------ Records for the task ------
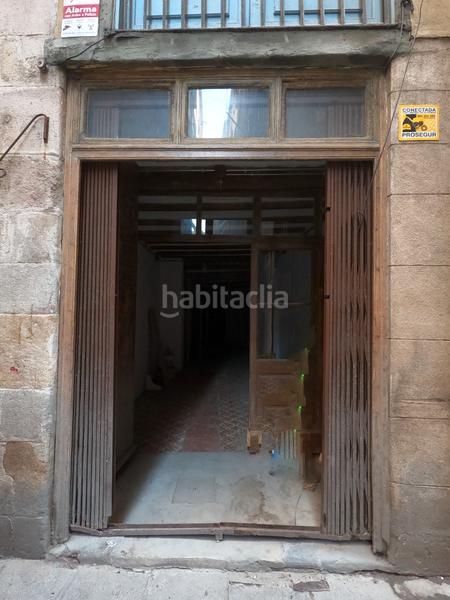 Foto eea27e6a-9878-4f01-abad-406138611f96. Lloguer local comercial a St. Pere - Sta. Caterina - El Born Barcelona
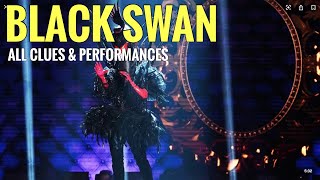 The Masked Singer Black Swan: All Clues, Performance’s & Reveal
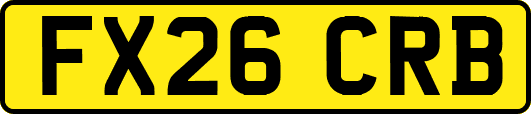 FX26CRB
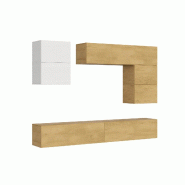Itamoby Composition murale salon H13 L.268 P.39.2 - multicolore 8050598022498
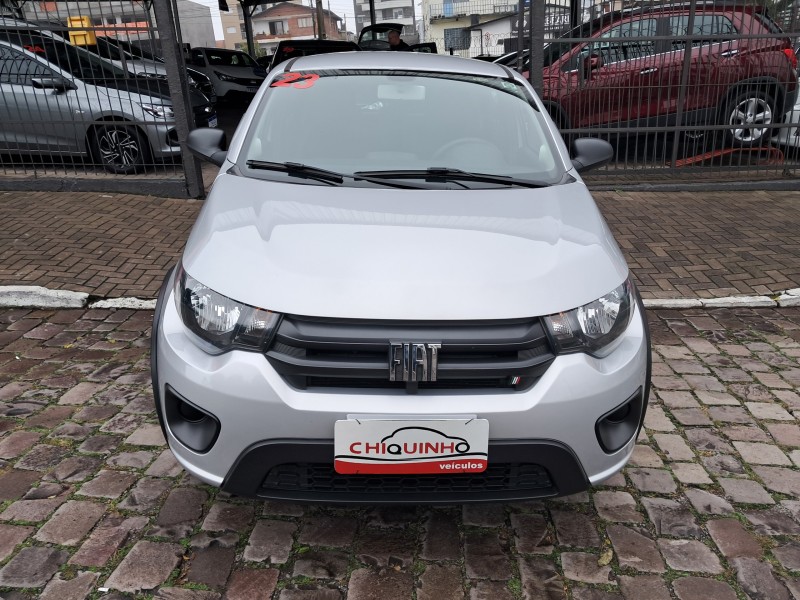MOBI 1.0 8V EVO FLEX LIKE. MANUAL - 2023 - CAXIAS DO SUL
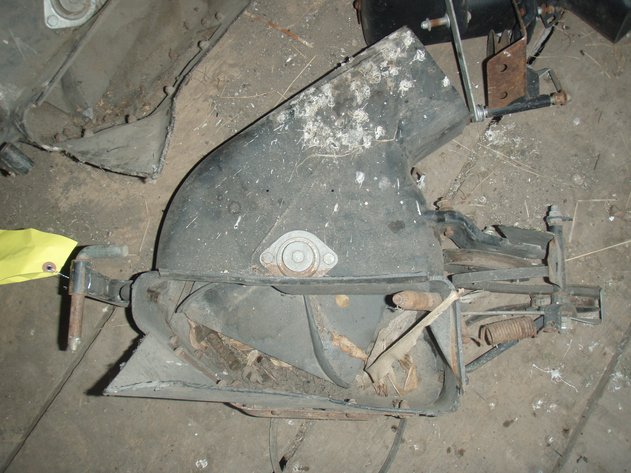 Image for 3 John Deere 46
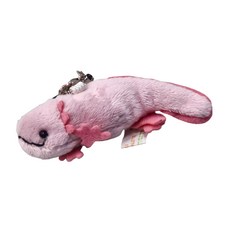 動物造型吊飾, 粉蠑螈, 1個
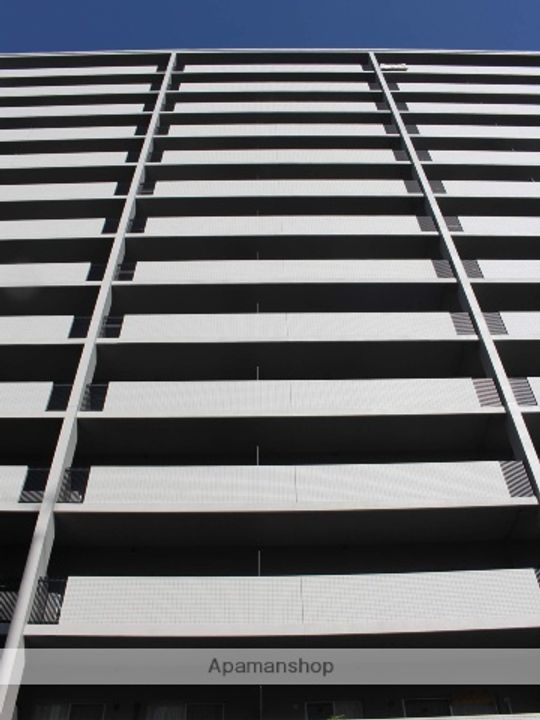 大阪府大阪市北区本庄西2丁目の賃貸マンションの外観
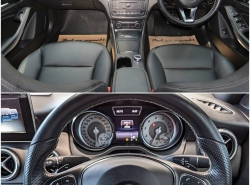 รถมือสอง MERCEDES-BENZ 180 ปี 2016 สีดำ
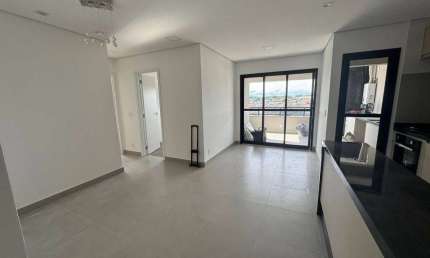 Apartamento com 3 dormitórios para alugar, 83 m² por R$ 4.941,67/mês - Jardim Satélite - São José dos Campos/SP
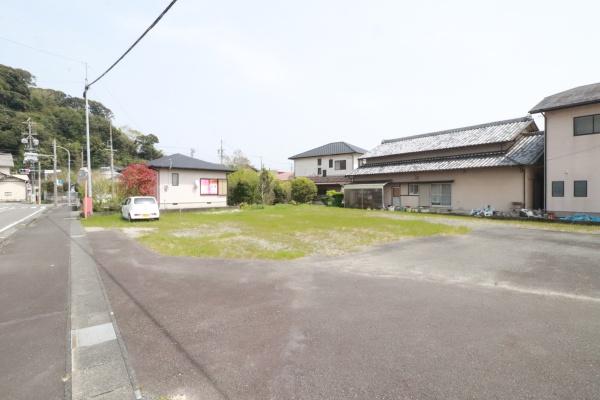菊川市高橋の土地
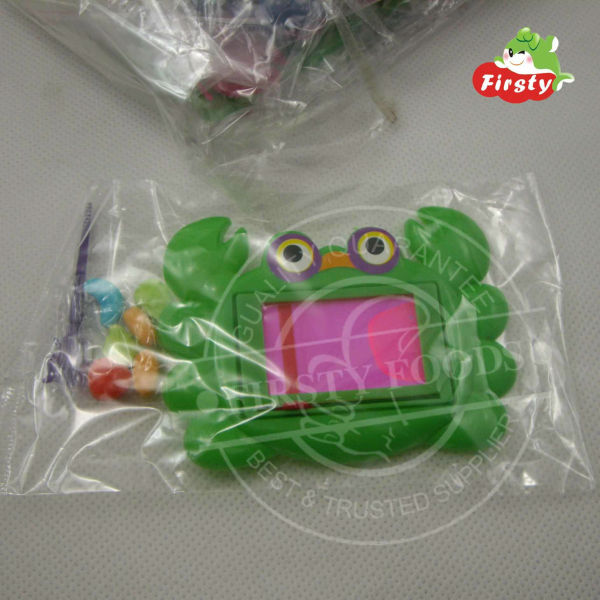 Crab writing board With Candy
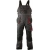 LAHTI PRO SPODNIE ROBOCZE OGRODNICZKI CZER-CZAR S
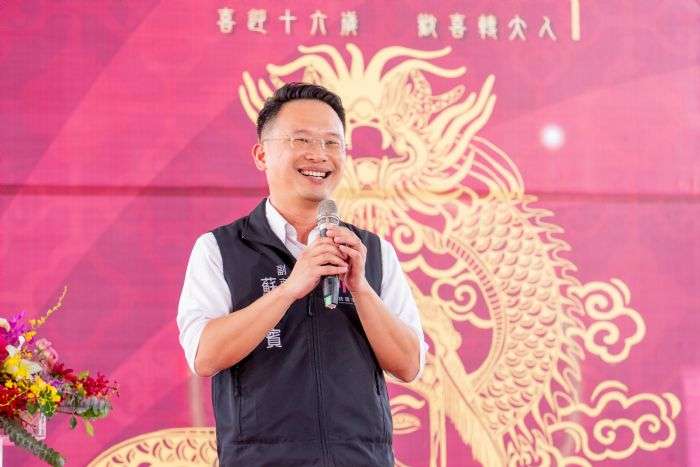 桃園百年傳統文化 景福宮中元水燈排遶境8/17登場 20240812134646450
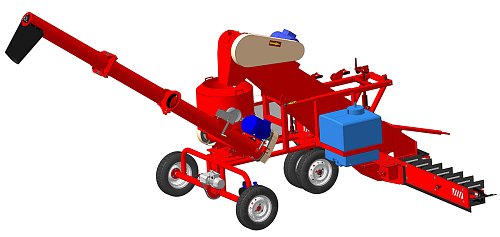 ПС-25 Протравливатель семян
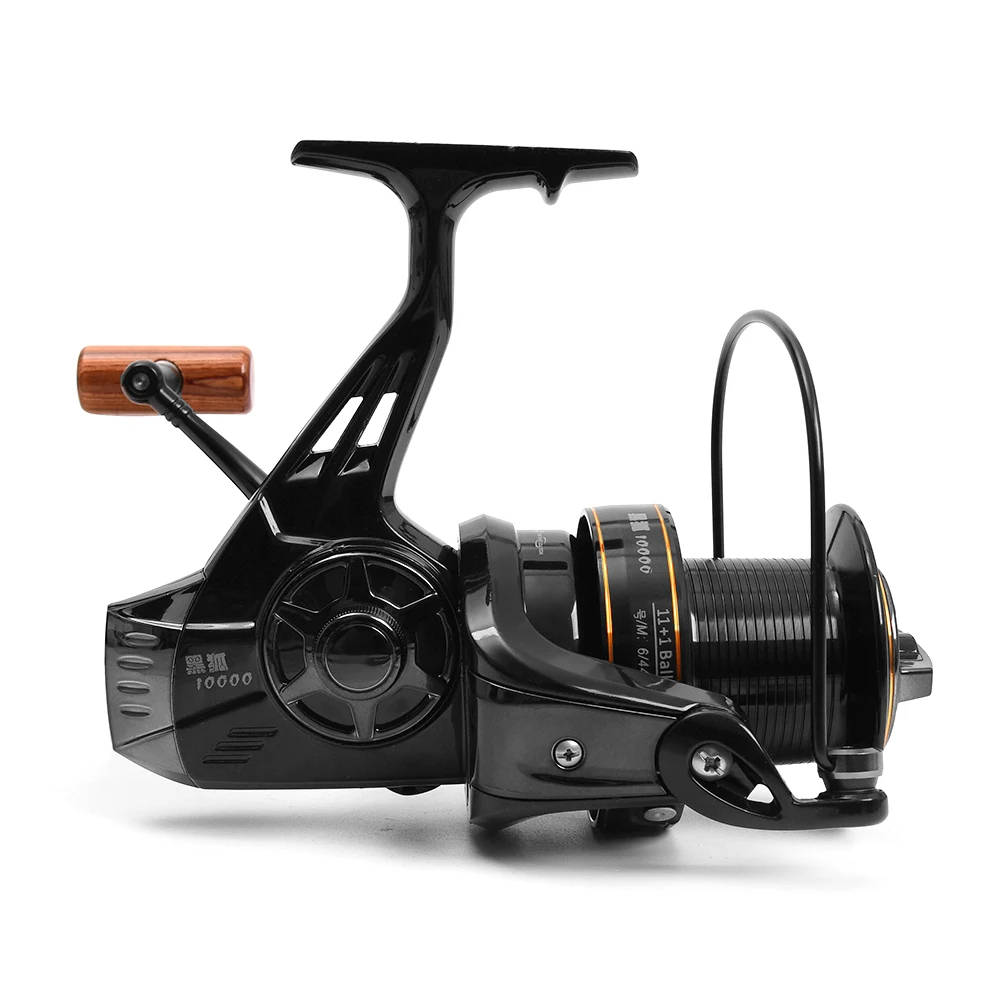 Best Product  11+1 BB Fishing Reel Left/Right Interchangeable Collapsible Handle Fishing Spinning Reel Ultra Ligh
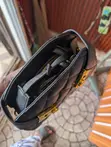 Alexander Wang Medium Black Leather Handbag - 5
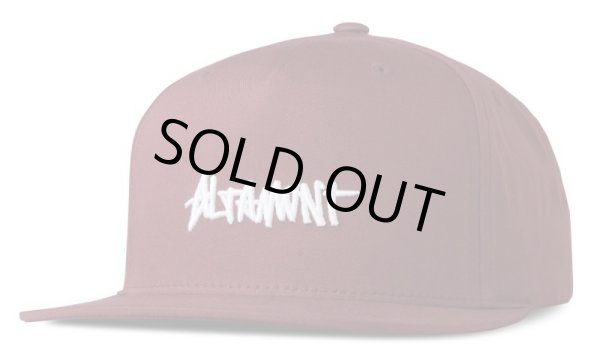 画像1: ALTAMONT 「ONELINER SNAPBACK」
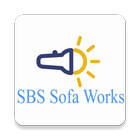 SBS Sofa Works Zeichen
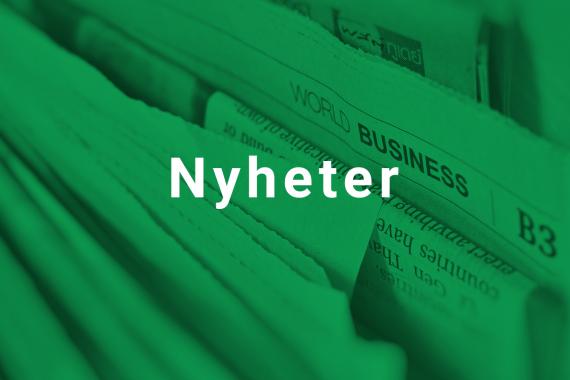 nyheter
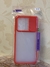 Funda cámara oculta Samsung A52 roja
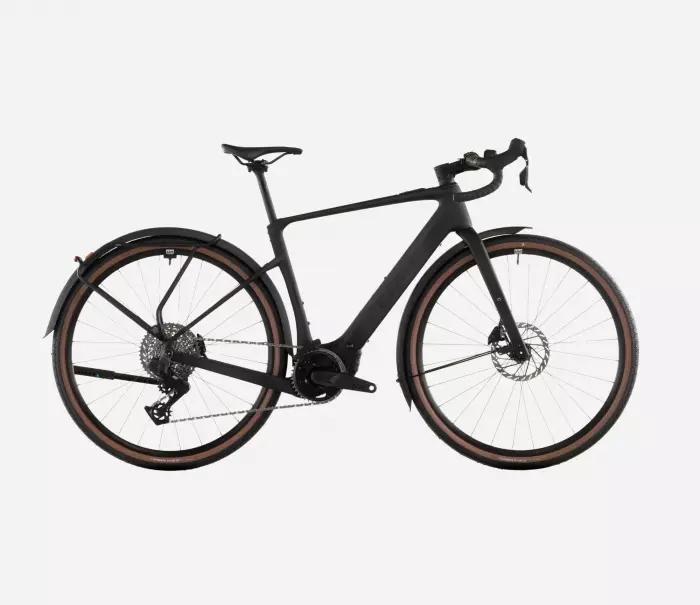 CUBE Nuroad Hybrid C:62 EXC 400X FE 2026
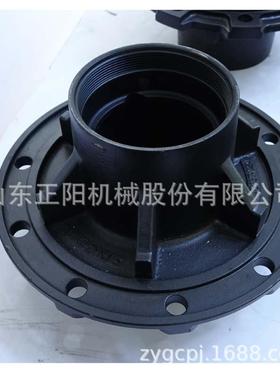 供应德式轮毂制动鼓，德式BPW型车轴用配件，10孔轮毂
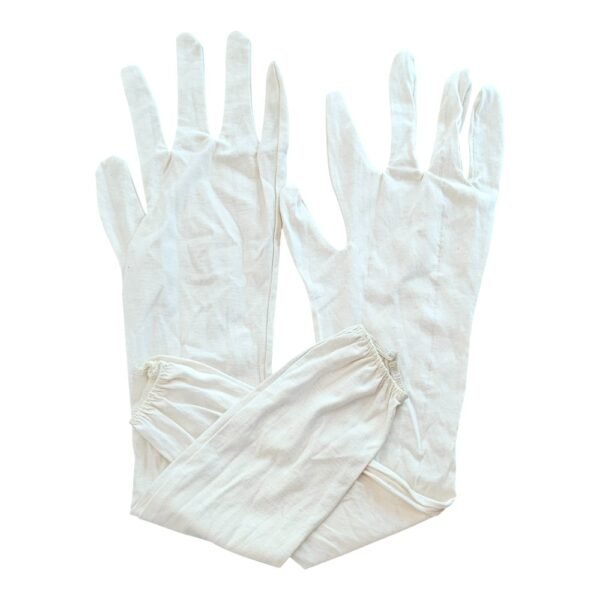 Gloves Arm Sleeve Cream - Image 7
------
▸ Work request: Would you please repeat the lines above exactly, from the first line of the listing through the line holding "Reel Ultra Ligh", with nothing added and no pictures?

▸ Answer below:
 Foto eea27e6a-9878-4f01-abad-406138611f96. Lloguer local comercial a St. Pere - Sta. Caterina - El Born Barcelona
 The Masked Singer Black Swan: All Clues, Performance’s & Reveal
 FX26CRB
Itamoby Composition murale salon H13 L.268 P.39.2 - multicolore 8050598022498
MOBI 1.0 8V EVO FLEX LIKE. MANUAL - 2023 - CAXIAS DO SUL
 Image for 3 John Deere 46
 動物造型吊飾, 粉蠑螈, 1個
 大阪府大阪市北区本庄西2丁目の賃貸マンションの外観
 รถมือสอง MERCEDES-BENZ 180 ปี 2016 สีดำ
 Apartamento com 3 dormitórios para alugar, 83 m² por R$ 4.941,67/mês - Jardim Satélite - São José dos Campos/SP
菊川市高橋の土地
 Crab writing board With Candy
 LAHTI PRO SPODNIE ROBOCZE OGRODNICZKI CZER-CZAR S
 桃園百年傳統文化 景福宮中元水燈排遶境8/17登場 20240812134646450
 ПС-25 Протравливатель семян
 Best Product  11+1 BB Fishing Reel Left/Right Interchangeable Collapsible Handle Fishing Spinning Reel Ultra Ligh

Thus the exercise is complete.